In particular, new impoundments and water diversions threaten the Paraguay River’s relatively pristine headwaters, which comprise the central artery of the Pantanal wetlands, and Uruguay River.
The hidrovia project, the largest development proposed to date, both in size and scale of possible impacts on the economy and environment
The Brazilian, Bolivian and Paraguayan governments' plan for the massive navigation and hydroelectric dam project, 'hidrovia', is proceeding without an adequate Environment Impact Assessment.

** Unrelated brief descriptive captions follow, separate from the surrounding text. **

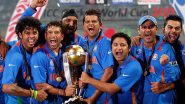 Sports News | Indian Cricket Fraternity Reminisces on 2011 ICC Cricket World Cup Triumph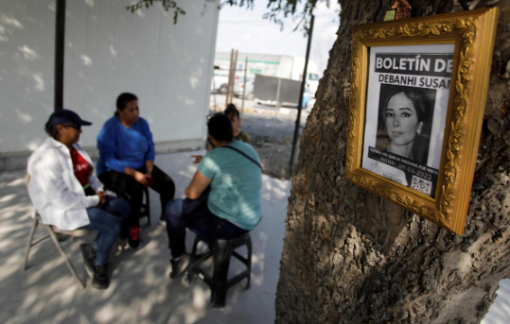 Mexico: 26 phụ nữ và trẻ em gái bị mất tích từ đầu năm nay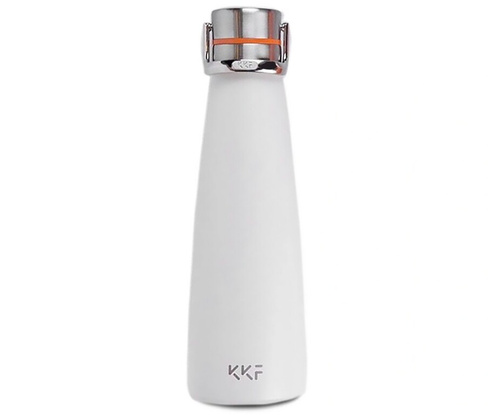 Термос Xiaomi KKF Smart Vacuum Cup 475ml White Kiss Kiss Fish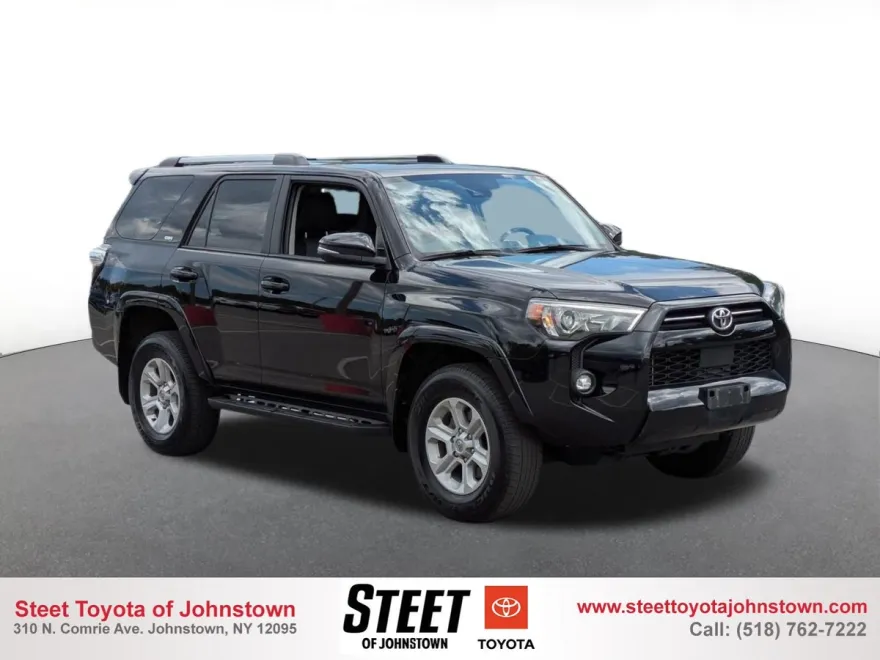 2022 Toyota 4Runner SR5 Premium photo 1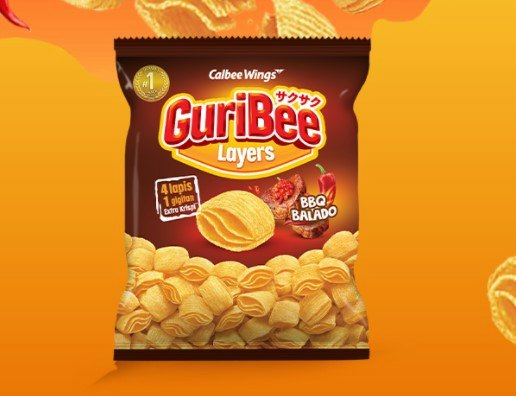 Selain Potabee, coba juga Japota, Krisbee, dan Guribee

The hidrovia would dredge and redirect the Paraguay and Paraná Rivers to create a 3,442 Km long navigation channel at least 3 meters (~10 feet) deep between Caceres, Brazil and the harbour of Nueva Palmira in Uruguay.
This would provide cargo ships with access to the interior of Argentina, Bolivia, Brazil, Paraguay and Uruguay during the dry season.
Impact on biodiversity
The hidrovia threatens to drain and destroy habitat in the Pantanal by increasing the drainage capacity of the river outlet, affect native fish populations, and expose the river system to invasion by exotic species through links to rivers in the Amazon basin. This would seriously exacerbate the impacts from loss of water inflow due to climate change.
According to experts, lowering the level of the Paraguay River by only 25 cm on average would increase the frequency of downstream flooding and increase erosion during the rainy season, while also reducing the total flooded area of the Pantanal during the dry season by 22%.
Impact on local indigenous communities
In addition, the hidrovia would directly affect local indigenous communities whose livelihoods depend on the fish and biological resources of the Pantanal, particularly in Brazil's Mato Grosso State and in riverine communities in Paraguay.
The hidrovia is intended to facilitate expansion of the export of soybean, timber, iron ore and other commodities during the dry season at the expense of the opportunity for ecotourism, and local use of resources. It would also increase access and facilitate further dam development in the area.